The Slovenia Times

Govt gives up on Adria, carrier files for receivership


The Kranj District Court is to decide on the proposal within three days. All Adria flights scheduled have been cancelled and the airline's operating license revoked.

The flag carrier, which was sold by the state to the German turnaround fund 4K Invest in 2016, wrote that the proposal had been filed due to insolvency and in line with legal provisions applying for such a situation.

The government also said earlier today that receivership was the only option, as the state was not ready to invest in or enter the carrier under the current owner and in its current financial state.

While suggesting that Adria would need EUR 28 million to start operating at least remotely normally again, Počivalšek pointed the finger at the "irresponsible" German owner, stressing Adria still had not published a revised financial statement for 2018.

Počivalšek said that the economy and infrastructure ministries had been trying hard since the spring to help the carrier, but they demanded that 4K Invest put forward a viable business plan that could serve as the basis for any form of aid.

In recent days, the Bank Asset Management Company (BAMC) and Slovenian Sovereign Holding (SSH) conducted a detailed analysis of Adria's state on the basis of available data.
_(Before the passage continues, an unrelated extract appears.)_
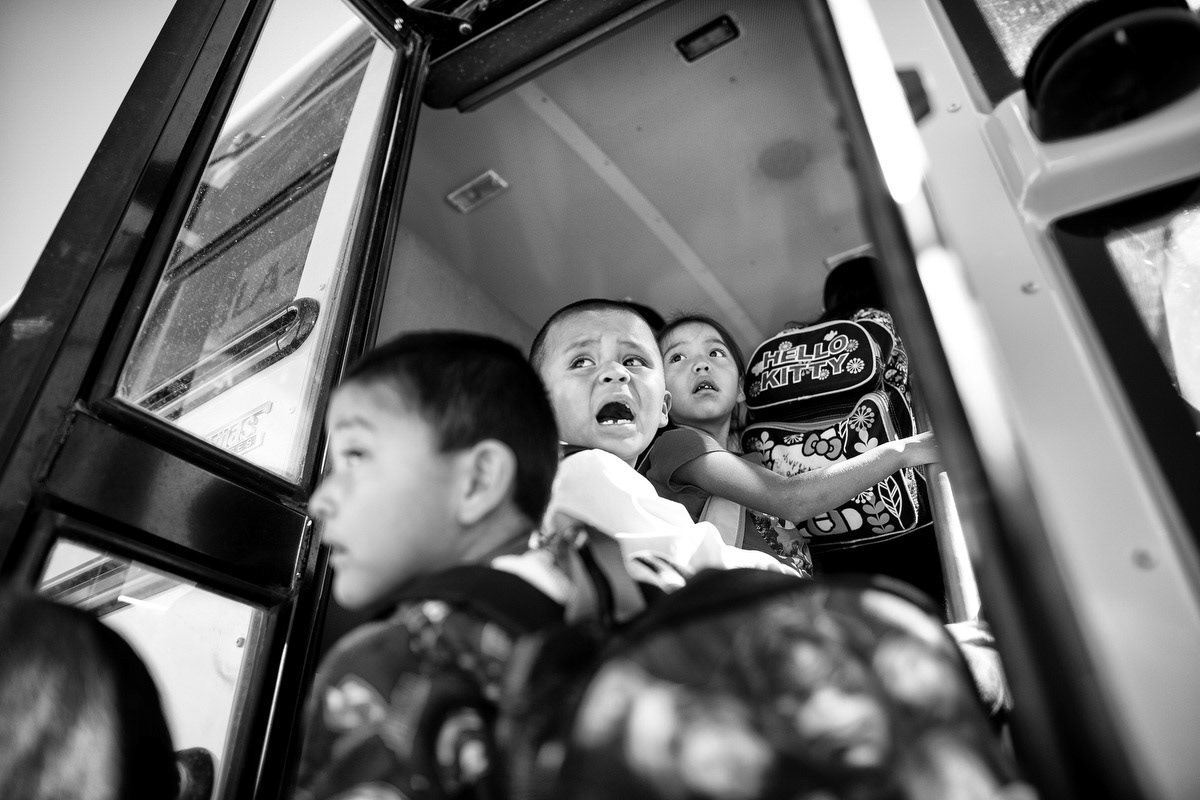Children respond to a teacher while boarding a bus.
The state asset custodians established the shortfall to be much higher than expected, with the company's very poor state also indicative of very poor corporate management, the minister said.

The government had already stressed it would not invest a single cent into the carrier under the current owner, while any chances of the state investing or entering the company have now also been eliminated by the figures, the high debt.
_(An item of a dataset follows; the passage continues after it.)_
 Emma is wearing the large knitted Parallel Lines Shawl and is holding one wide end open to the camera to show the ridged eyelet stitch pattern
"This would entail us taking over a high debt and enabling the owner to avoid any accountability. This would be irresponsible to the citizens and the budget," the minister said.

Thus the only possible option is receivership, which could be followed by two scenarios. Under one of them, the situation would be left to the market and the supply and demand principle, however this would take quite a few months and it is not guaranteed that the flight connections established would benefit Slovenia's economy, Počivalšek said.
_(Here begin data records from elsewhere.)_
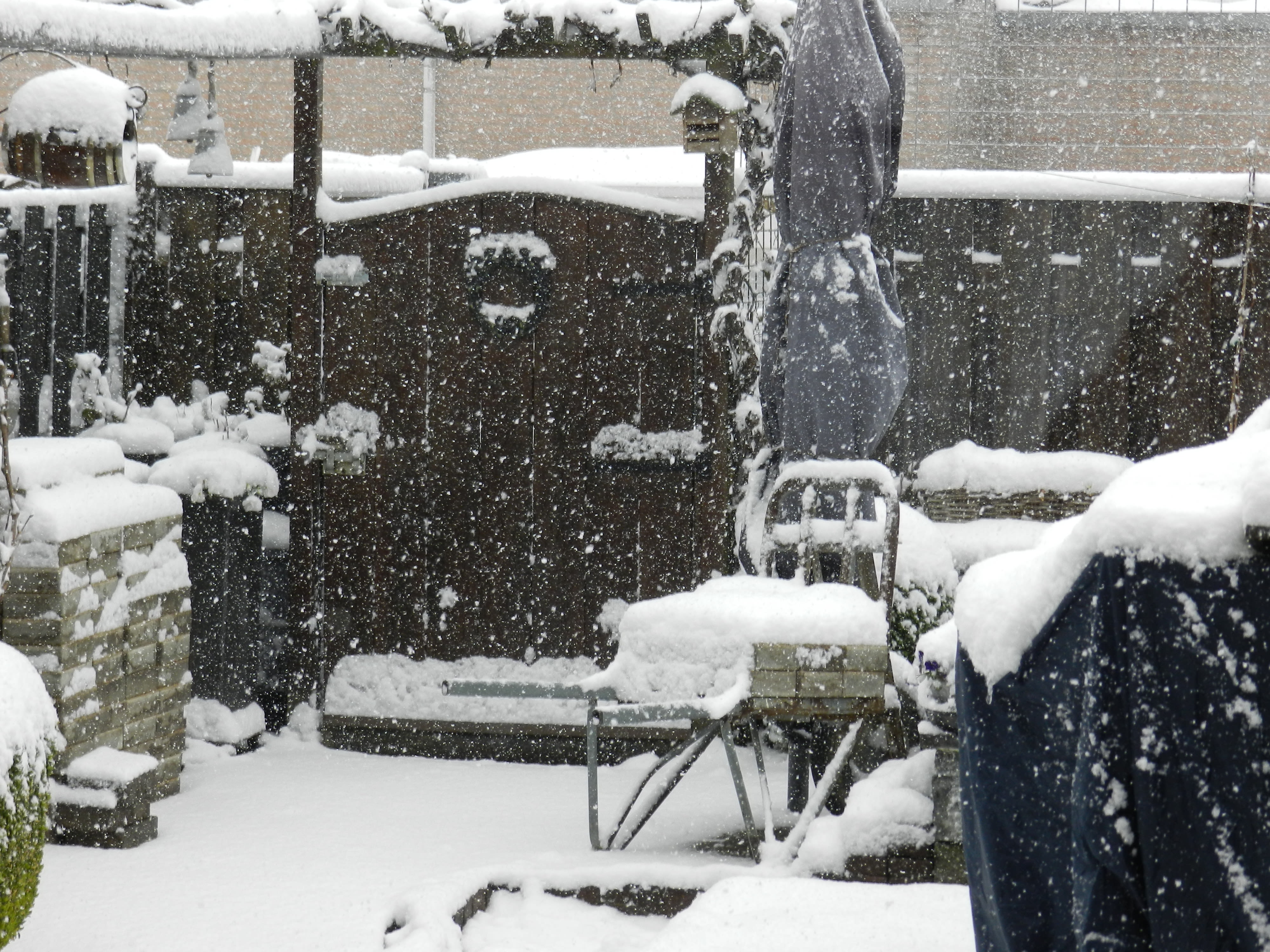 Dik pak sneeuw en sneeuwval in tuin met tuinmeubelen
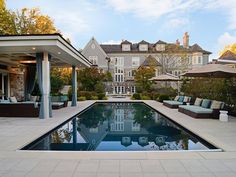 an outdoor swimming pool with lounge chairs and umbrellas in front of a large house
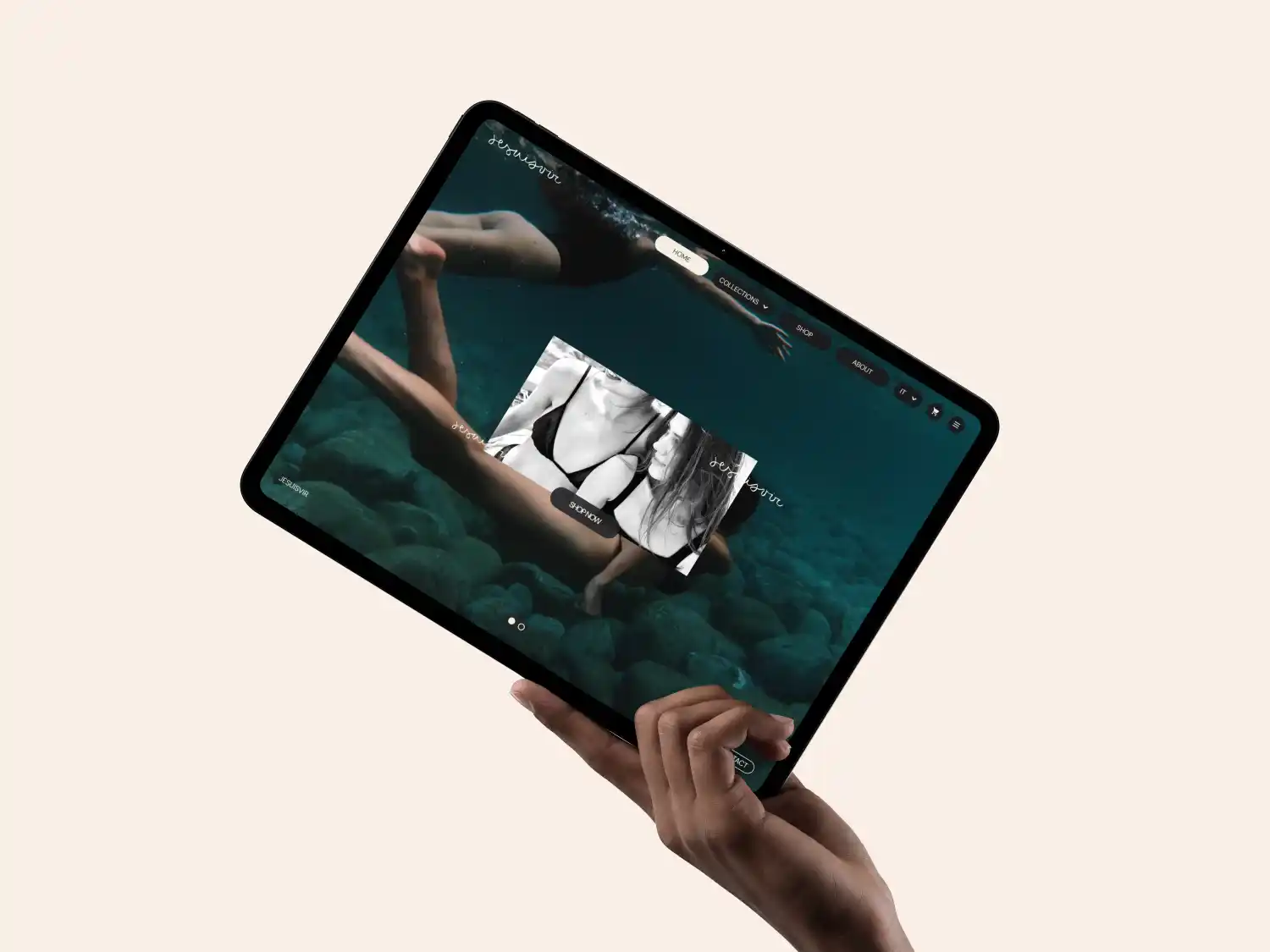 Hand holding a tablet displaying an underwater fashion website with models swimming and a promotional black and white image of a woman in a swimsuit with a 'Shop Now' button.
He assessed that given the talks held with Lufthansa, Adria's main parter so far, and Ljubljana airport operator Fraport, it would be possible to revive about a half of Adria's routes.

The second option would have the state establish a new company. The government is examining this scenario, as this would make it easier to secure vital flight connections. A decision is expected soon, but such an operation would also take a few months to execute, the minister warned.

Obtaining the needed permits would take three to six months, possibly less under an "ideal scenario", but this would only be possible in a firm agreement with Lufthansa. A business plan would need to be drawn up first and then coordinated with Lufthansa, Počivalšek added.

"During the first talks, Lufthansa expressed readiness to cooperate also if we took the second route, not in terms of ownership but in terms of connectivity," the minister said.

While Lufthansa responded by only saying they would "not comment on media speculations", Počivalšek pointed out Adria had played a strong role in the recent period when it came to connecting the Balkans to Ljubljana and then onward to European airports.

"This involves a significant number of passengers that other carriers are interested in," he said.

Moreover, political consensus on this would be needed at home, while it would also need to be examined how much the sate would need to invest annually in such a company. The Economy Ministry estimates that the figure would range between 4 and 5 million euros.

A decision will be adopted fairly fast, Počivalšek said, announcing the government would continue the discussion at its regular session on Thursday, when the agenda is also expected to include proposed legislative changes that would allow the government to subsidise certain routes to preserve Slovenia's air links to major hub airports.

The in-house trade union meanwhile criticised the government for choosing what it believes is the less-viable option and also criticising the subsidies plan.

Meanwhile, the Market Inspectorate slapped Adria today with another EUR 3,000 fine for continuing with the sale of tickets for flight whose execution is uncertain.

The first fine was issued last week over the sale of tickets for flights whose aircraft had already been grounded - another one was grounded today. The second fine also came with a direct ban on continuing with this practice.